YOUR OBJECTIVE: Look below for the line containing "Mini <span class=keywords><strong>brosse</strong></span>"; from there, print each line exactly up to and including the line containing "UK Foreign Minister", and stop.

Brief descriptive captions:
-----

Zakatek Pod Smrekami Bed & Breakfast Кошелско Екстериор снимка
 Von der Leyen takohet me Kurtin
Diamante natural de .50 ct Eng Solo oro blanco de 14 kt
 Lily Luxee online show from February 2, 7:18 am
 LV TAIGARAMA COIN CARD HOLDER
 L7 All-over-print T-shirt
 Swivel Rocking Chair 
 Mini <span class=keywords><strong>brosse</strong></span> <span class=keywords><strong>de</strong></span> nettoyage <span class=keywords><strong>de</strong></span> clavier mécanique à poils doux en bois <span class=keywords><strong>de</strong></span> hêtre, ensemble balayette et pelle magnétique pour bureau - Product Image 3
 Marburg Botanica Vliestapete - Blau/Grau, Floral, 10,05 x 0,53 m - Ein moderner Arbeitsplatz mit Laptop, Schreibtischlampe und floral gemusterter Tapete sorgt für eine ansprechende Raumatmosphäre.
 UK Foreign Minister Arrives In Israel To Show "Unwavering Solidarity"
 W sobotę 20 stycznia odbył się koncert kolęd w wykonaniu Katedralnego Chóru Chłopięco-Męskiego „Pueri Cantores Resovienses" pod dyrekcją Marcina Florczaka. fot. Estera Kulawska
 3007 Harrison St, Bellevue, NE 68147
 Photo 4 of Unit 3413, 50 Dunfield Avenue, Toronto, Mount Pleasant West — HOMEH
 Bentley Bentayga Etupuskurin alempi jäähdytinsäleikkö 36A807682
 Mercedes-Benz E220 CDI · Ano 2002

-----

EXPECTED OUTPUT:
 Mini <span class=keywords><strong>brosse</strong></span> <span class=keywords><strong>de</strong></span> nettoyage <span class=keywords><strong>de</strong></span> clavier mécanique à poils doux en bois <span class=keywords><strong>de</strong></span> hêtre, ensemble balayette et pelle magnétique pour bureau - Product Image 3
 Marburg Botanica Vliestapete - Blau/Grau, Floral, 10,05 x 0,53 m - Ein moderner Arbeitsplatz mit Laptop, Schreibtischlampe und floral gemusterter Tapete sorgt für eine ansprechende Raumatmosphäre.
 UK Foreign Minister Arrives In Israel To Show "Unwavering Solidarity"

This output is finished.